Le modèle d’entreprise offre actionnaires une série d’avantages, notamment la responsabilité limitée et des taux d’imposition effectifs plus faibles.

Souvenons-nous, la société est une personne morale distincte. Les personnes physiques ont des droits et des responsabilités. Parmi ces droits et responsabilités figurent le droit de posséder, de partager, de profiter et de disposer de divers types de biens. Les individus peuvent conclure des contrats avec d’autres individus et ont diverses obligations à l’égard de l’État. Les sociétés ont également ces droits et responsabilités, car le législateur leur a conféré la personnalité juridique. La personnalité juridique est donnée aux sociétés afin qu’elles puissent avoir la capacité d’agir comme les personnes physiques sans avoir tous les droits qui leur sont conférés.

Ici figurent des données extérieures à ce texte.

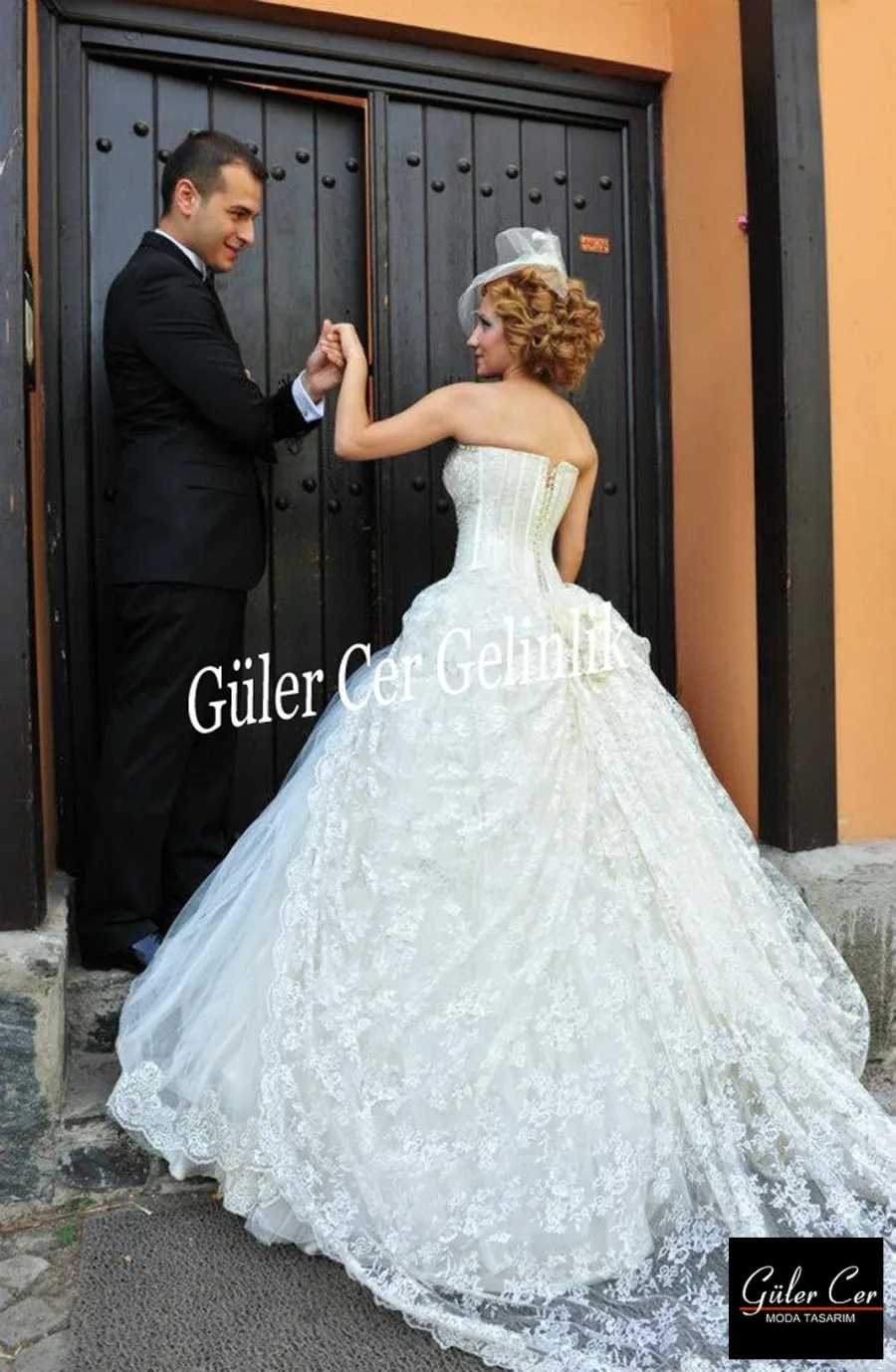 Colecția Guler Cer Wedding Dress — ținuta 1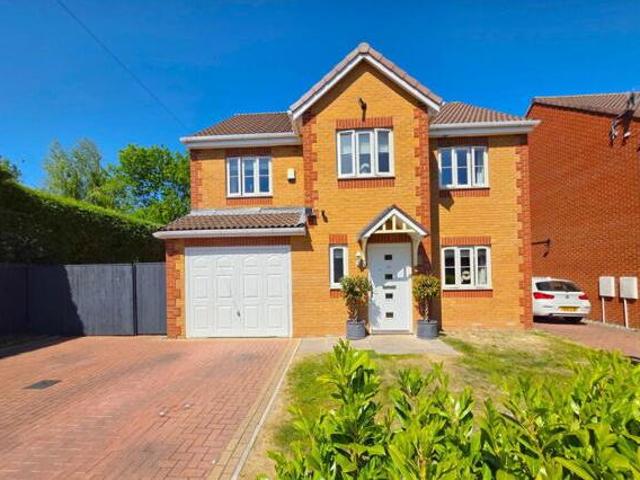 Park Close, Royston, 4 Bedroom Detached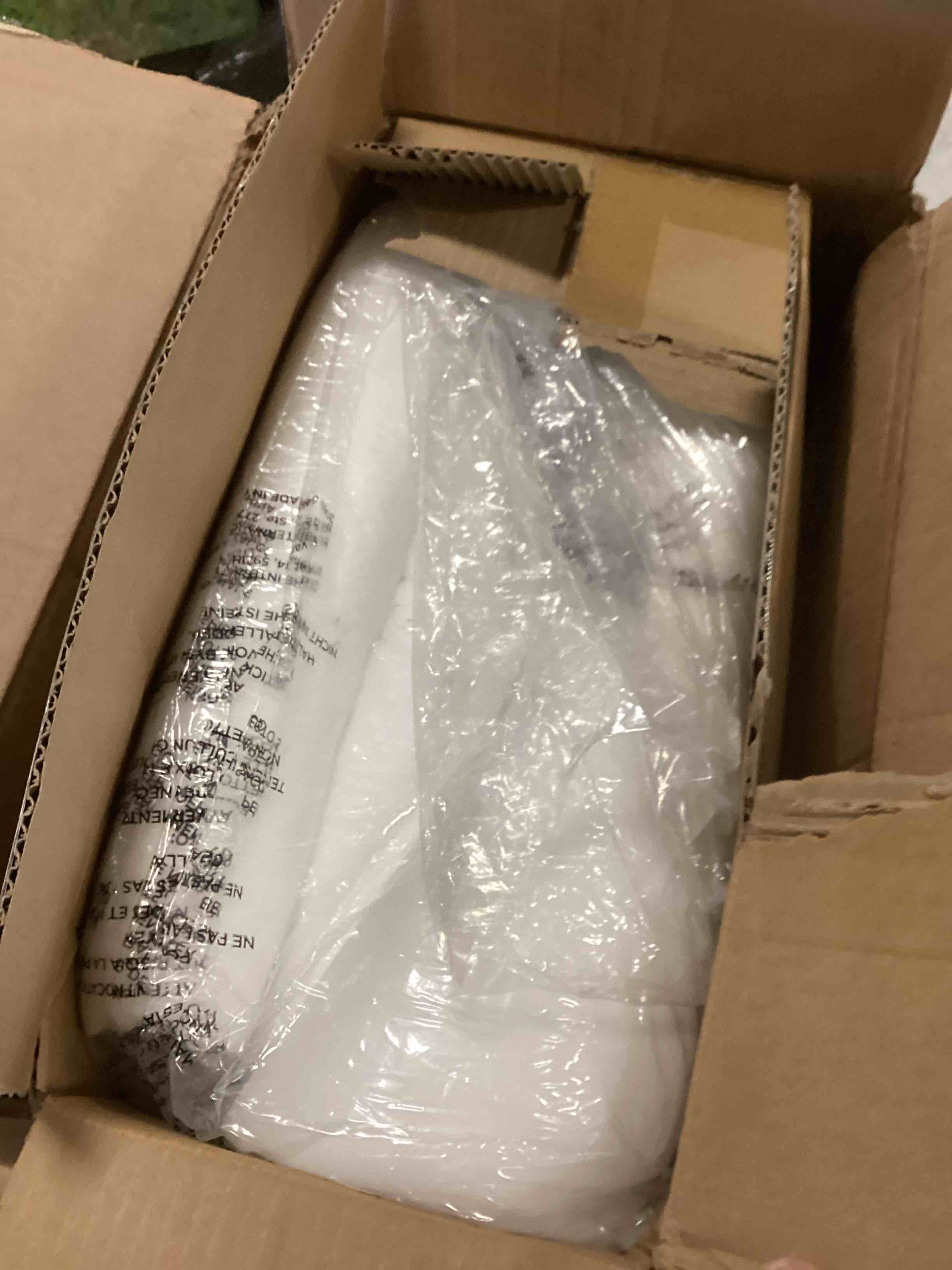 https://s3.amazonaws.com/lotting-images-prod/bidfta/GRA1786305_1736432461389.jpeg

Comme il ne s’agit pas de personnes réelles, il est plus facile de considérer les sociétés comme des véhicules exploités par des personnes réelles, comme des « avatars » des individus qui les composent. La société joue donc un rôle de barrière entre les personnes qui la composent (actionnaires, administrateurs et dirigeants) et le reste du monde. Ainsi, alors que les actionnaires sont propriétaires de la société car ils détiennent les actions de contrôle, la société est propriétaire des actifs qui permettent à l’entreprise d’opérer. Il s’ensuit que la société, et non les actionnaires, détient les passifs de l’entreprise. Les actifs/passifs personnels des actionnaires et les actifs/passifs de l’entreprise sont donc séparés et les créanciers ne peuvent pas saisir les actifs personnels des actionnaires en cas de dettes, sauf si – en général – l’actionnaire a accepté de se porter caution (ou de garantir) certaines dettes de la société ou si un actionnaire a commis une forme de fraude ou de détournement de fonds. Les actionnaires et leurs actifs sont donc à l’abri de la plupart des formes de responsabilité en cas de faillite, de poursuites civiles et d’autres procédures incidentes qui affecteraient normalement l’entrepreneur individuel.

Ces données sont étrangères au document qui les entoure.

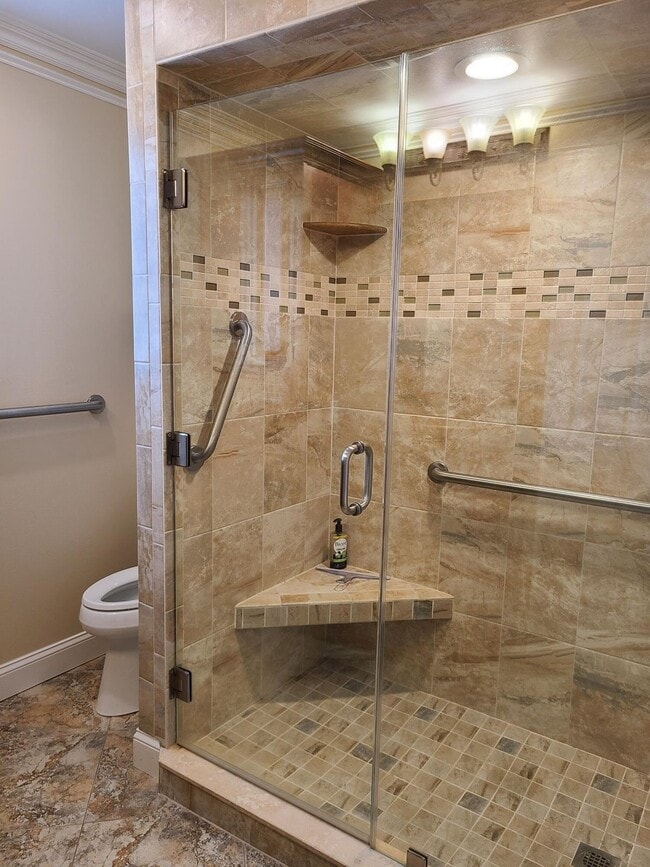 Building Photo - 2557 Pineapple Ave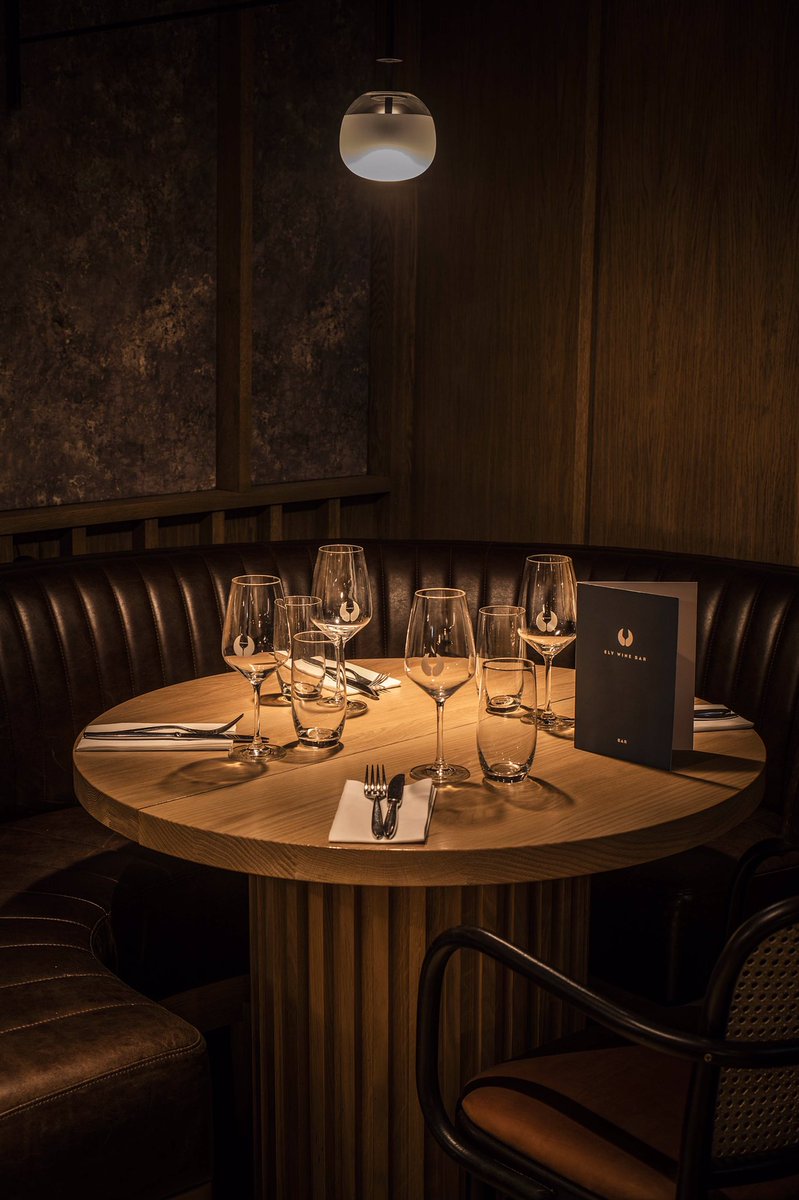 elywinebars's tweet photo. #ELYWINEBAR’s 5th year being awarded BEST of AWARD of EXCELLENCE, #ELY64 gets one too & #ELYBARANDGRILL again awarded AWARD of EXCELLENCE by @WineSpectator’s @WSRestoAwards Delighted #WSRestaurantAward #wine #winebar #Dublin #Ireland https://t.co/0kzHjaXEb3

Les inconvénients évidents ont déjà été évoqués ci-dessus. La structure de la société peut être plus compliquée à administrer et les frais de manutention de la structure sont très certainement plus élevés que ceux qu’engendrerait l’entreprise individuelle. Des assemblées des actionnaires et des administrateurs doivent être tenues, et les actes officiels de la société qui en découlent doivent être consignés dans un « livre des minutes », l’un des nombreux instruments qui doivent être méticuleusement préparés, conservés et, parfois, publiés. En outre, les sociétés qui font des affaires au Québec en particulier doivent être immatriculées au REQ (voir le paragraphe ci-dessus sur l’inscription), laquelle immatriculation doit être renouvelée annuellement.

 

CONCLUSION ET MISE EN GARDE

En conclusion, le présent article avait pour but de fournir au lecteur une comparaison sommaire, bien qu’instructive, entre deux types populaires d’association commerciale à la disposition des entrepreneurs québécois. Dans cette optique, l’entreprise individuelle et le modèle corporatif ont été évalués indépendamment pour leur valeur respective et comparés pour démontrer leurs forces et faiblesses relatives.

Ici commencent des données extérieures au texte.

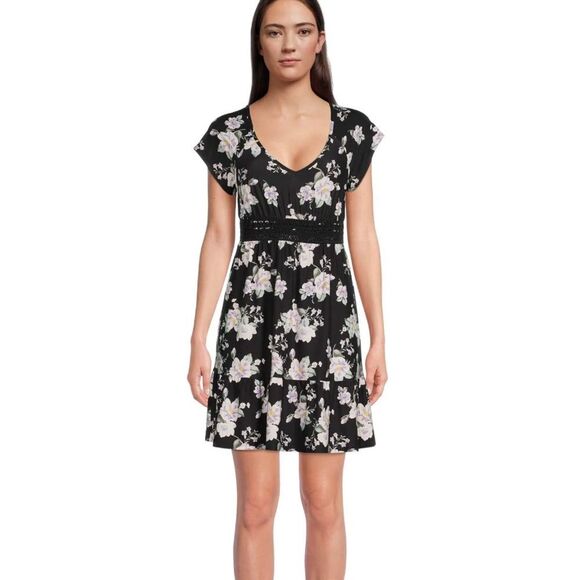 4 for $20 Juniors Y2K Babydoll Black Purple Floral Dress with Short Sleeves M - Picture 2 of 4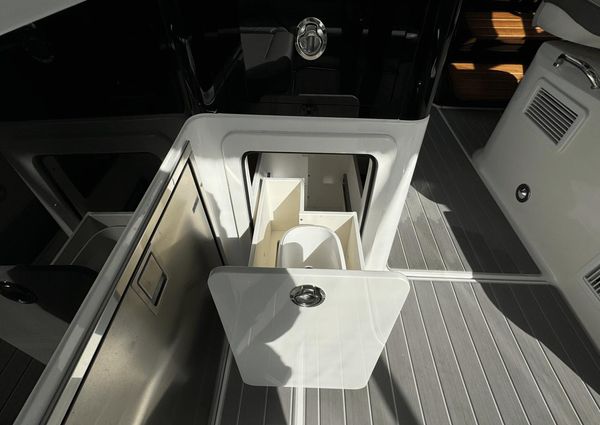 Sea Ray 370 Sundancer Outboard image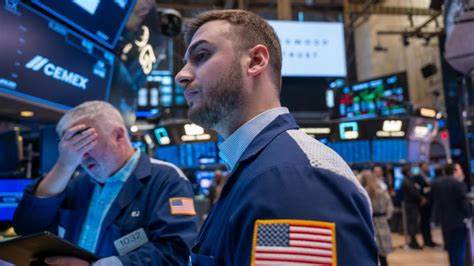 Dow tumbles nearly 400 points, falling for a second day in rough start to new quarter: Live updates - CNBC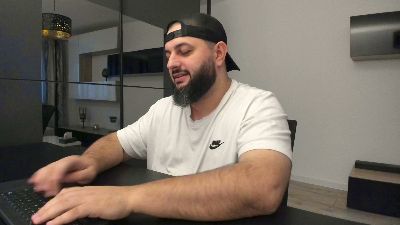 DravenPeak webcam model stream image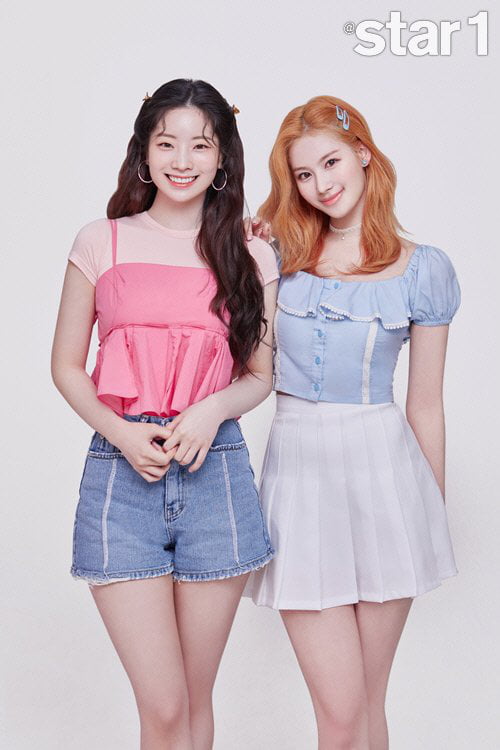 Photo : Dahyun and sana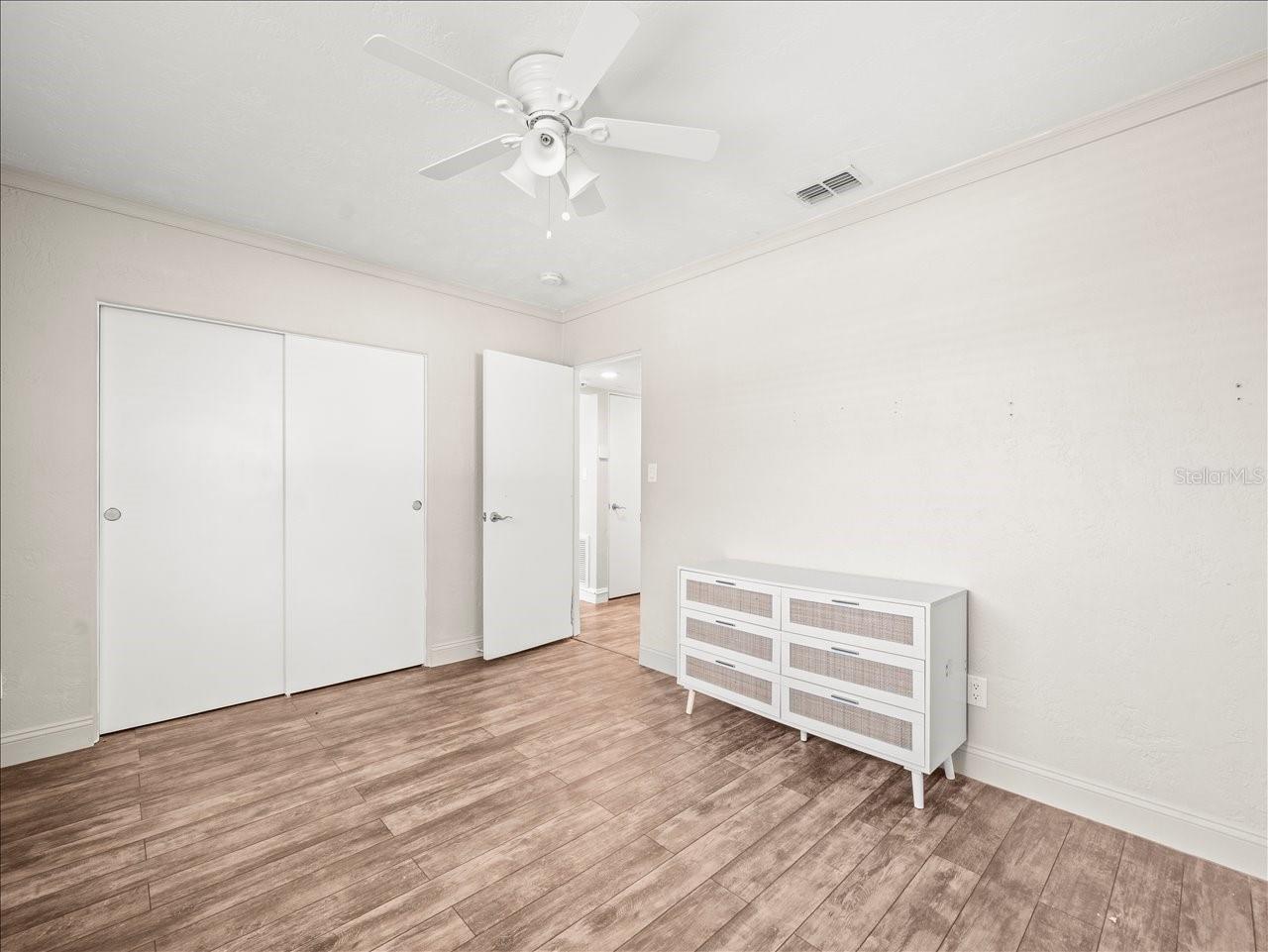 Image 27 of 37 For 2200 Capri Drive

Le lecteur est prié de noter que cet article est purement informatif et qu’il ne constitue pas un avis juridique. Cet article ne permet pas au lecteur d’acquérir une compréhension assez complète des sujets abordés qui lui permettrait de prendre une décision pleinement éclairée. Il est fortement suggéré au lecteur de consulter un conseiller juridique ou un comptable agréé afin d’explorer la meilleure solution pour les besoins de son entreprise.

 

  1. L’auteur est un membre du conseil d’administration de la Chambre de commerce et d’industrie de Montréal-Nord et un avocat exerçant sa pratique auprès de la société Stella-Jones Inc.
  2.  Dans le présent texte, le genre masculin ainsi que le nombre singulier sont utilisés uniquement pour alléger et faciliter la lecture.